The two bishops of Virginia have praised the new transgender and parental rights school policies recently implemented by Virginia Republican Gov. Glenn Youngkin, calling them a “considerable improvement” and a “much needed” change to earlier state education guidelines. 

The new policies, released last month, affirmed that parents will maintain the right to considerable oversight of their children while they are enrolled in public schools. The state also addressed several key questions related to school policies regarding transgender-identifying students.

The model policies stipulate that school rules “shall be drafted to safeguard parents’ rights with respect to their child and to facilitate the exercise of those rights.” Schools are ordered to keep parents closely abreast of their children’s well-being while in school.

The rules further affirm that parents, not schools, will decide if their child is permitted to indulge in a “transgender” identity, including dressing and identifying as the opposite sex.

Students will also be broadly expected to “use bathrooms that correspond to [their] sex,” settling another contentious dispute surrounding children who claim to be the opposite sex.

In their joint statement, Richmond Bishop Barry Knestout and Arlington Bishop Michael Burbidge called the rules “a considerable improvement and much-needed remediation of the policies put in place by the prior administration” of Democrat Ralph Northam. 

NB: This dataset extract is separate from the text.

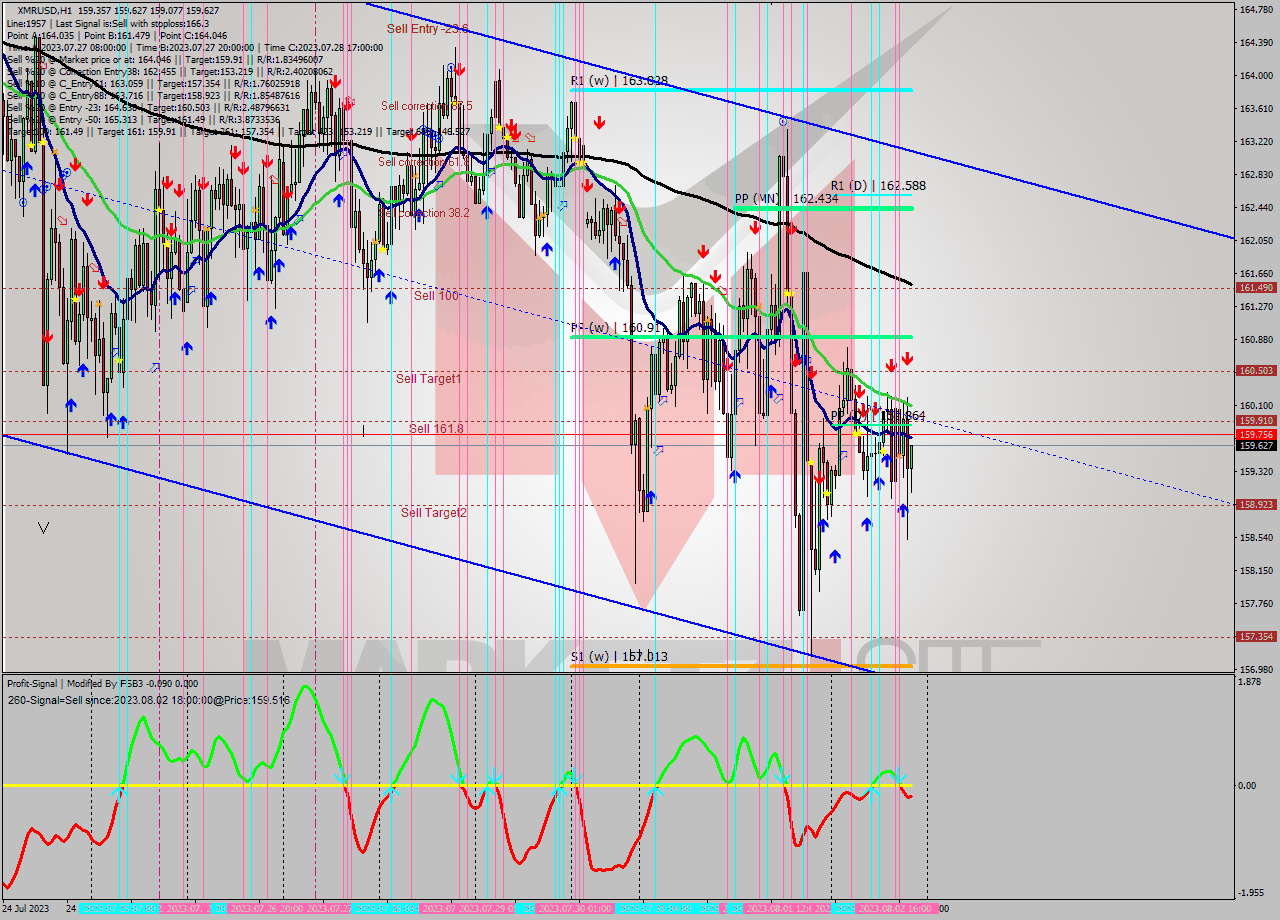XMRUSD H1 Analysis XMRUSD H1 Signal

“The new policies enhance transparency for parents and restore their primary role in the education, care, and health of their children,” the prelates wrote. 

“They affirm and protect the dignity and safety of every student. They also respect the religious liberty and conscience rights of all members of Virginia’s public school community.”

“We urge parents whose children attend Virginia public schools to become familiar with the updated policies, to engage in discussion about them at the local level, and — most importantly — to embrace their critical role in the lives of their children at home and at school,” the bishops added. 

The rules generated blowback last month from left-wing and LGBT advocates. Many activists have called for schools to be permitted to hide a child’s “transgender identity” status from his or her parents; advocates have also called for students to be permitted to use the bathrooms of the opposite sex if they identify as a member of that sex. 

Narissa Rahaman, the executive director of the pro-LGBT group Equality Virginia, said in a statement to school officials last month that the group would do “everything in our power to make sure your school district rejects [the new rules].”

Youngkin in an interview with the Associated Press last month stressed that schools can still play a supplementary role in the well-being of young students behind that of parents.

“What we’re not saying is that trusted counselors and other trusted adults in a child’s life should be excluded,” he told the news wire. “What we are ... saying is that parents just need to be involved and are the first stop.”